That being said, let us take a look once again at the Reform Party. Where does it want to do some cutbacks? It wants to cut back, for example, corporate income tax. It wants cutbacks in payroll taxes. When we look at the different options we have, one thing we have to weigh when we do have government expenditure is how many jobs are created because we have a major unemployment problem all across Canada.
I have here some figures about the different options if we had a government expenditure of $1 billion. First of all, the multiplier the formula applied here affects the expenditures in a different way.
If we spend $1 billion in direct hiring, it creates 56,000 jobs. Spending $1 billion on goods and services creates about 28,000 jobs. Spending $1 billion on infrastructure creates some 26,000 jobs. That is one factor taken into consideration when we talk about how we spend government money in Canada.

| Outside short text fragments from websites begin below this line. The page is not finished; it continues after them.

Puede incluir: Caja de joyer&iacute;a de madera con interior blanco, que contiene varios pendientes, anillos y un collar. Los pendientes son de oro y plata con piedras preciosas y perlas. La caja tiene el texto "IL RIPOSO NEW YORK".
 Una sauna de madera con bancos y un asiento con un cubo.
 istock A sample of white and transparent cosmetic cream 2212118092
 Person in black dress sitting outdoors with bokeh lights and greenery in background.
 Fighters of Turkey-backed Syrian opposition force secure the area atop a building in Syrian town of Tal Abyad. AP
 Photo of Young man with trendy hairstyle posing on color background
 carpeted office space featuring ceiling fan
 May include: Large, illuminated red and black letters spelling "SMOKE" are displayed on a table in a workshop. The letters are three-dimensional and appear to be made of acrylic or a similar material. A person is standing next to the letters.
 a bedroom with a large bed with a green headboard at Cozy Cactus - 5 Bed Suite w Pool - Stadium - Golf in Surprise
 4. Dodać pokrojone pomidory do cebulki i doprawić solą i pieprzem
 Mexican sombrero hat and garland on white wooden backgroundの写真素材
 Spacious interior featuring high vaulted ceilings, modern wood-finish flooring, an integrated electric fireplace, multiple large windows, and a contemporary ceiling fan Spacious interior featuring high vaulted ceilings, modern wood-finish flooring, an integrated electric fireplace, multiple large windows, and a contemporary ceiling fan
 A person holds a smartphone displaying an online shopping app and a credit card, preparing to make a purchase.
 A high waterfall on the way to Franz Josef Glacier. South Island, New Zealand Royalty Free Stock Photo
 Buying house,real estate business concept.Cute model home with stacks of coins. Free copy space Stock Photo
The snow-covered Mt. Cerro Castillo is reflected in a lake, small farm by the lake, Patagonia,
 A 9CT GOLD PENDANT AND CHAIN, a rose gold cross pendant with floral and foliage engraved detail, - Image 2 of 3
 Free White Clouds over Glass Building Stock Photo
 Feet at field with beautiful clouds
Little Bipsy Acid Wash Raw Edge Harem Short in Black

The most effective way to create jobs, if we want to cut taxes, is to start cutting back on the GST. In the campaign of the New Democratic Party we advocated the elimination of the GST on books and magazines. We advocated the elimination of the GST on children's clothing, which is exempt in most of the provinces now from provincial sales tax, certainly in my province of Saskatchewan.
We also advocated the increase in the GST tax credit for adults and children by 30 percent. It would cost $1.2 billion for those three items and create 20,400 jobs in this country.
On the other hand, if we were to have a $1 billion cutback in the GST, we would create some 17,000 jobs. But if there were a $1 billion cutback in corporate taxes, there would only be 14,000 jobs created. If there were a $1 billion cutback on personal income tax across the board, there would be 12,000 jobs created. If there was a $1 billion cutback in the payroll tax, there would be about 9,000 jobs created.
We have choices. The question is where do we spend taxpayer money. What are the programs that have the most impact and the most effect in terms of job creation in this country?
I think what we have to do in terms of expending money on behalf of the Canadian taxpayers is to invest more in health and in education, those areas that need more spending, bringing people up to a greater standard of equality of condition. Those are also areas that would create jobs at the same time as investing money in education and health.
If we are going to cut taxes, the place to start is with the GST. I think that would help stimulate the economy more than cutting taxes in other areas, and the statistics tend to bear that out.
We have a debate in this country over where we are going to go in terms of the direction of Canada. On one hand there is the Reform Party, basically anti-government and anti-public institution, a party that wants to privatize and deregulate and scale back and get rid of government in almost every respect and aspect.
That is what it stands for. It is a stroll back to the past. It misleads the people of this country. It propagates myths around Canada. A big problem we have is government spending. Another problem we have is spending on social programs.
Statistics Canada showed us in 1992 that 6 percent of the debt is caused by government spending in Canada and only half of that is spending on social programs. Fifty per cent of the debt is caused by the high interest rates that we saw during the Brian Mulroney years, another version of a very conservative party in Canada. Another 44 percent of the debt is caused by tax expenditures, tax loopholes and tax giveaways to the large corporations that are the friends of the Reform Party.
For those reasons we cannot support this motion before the House today.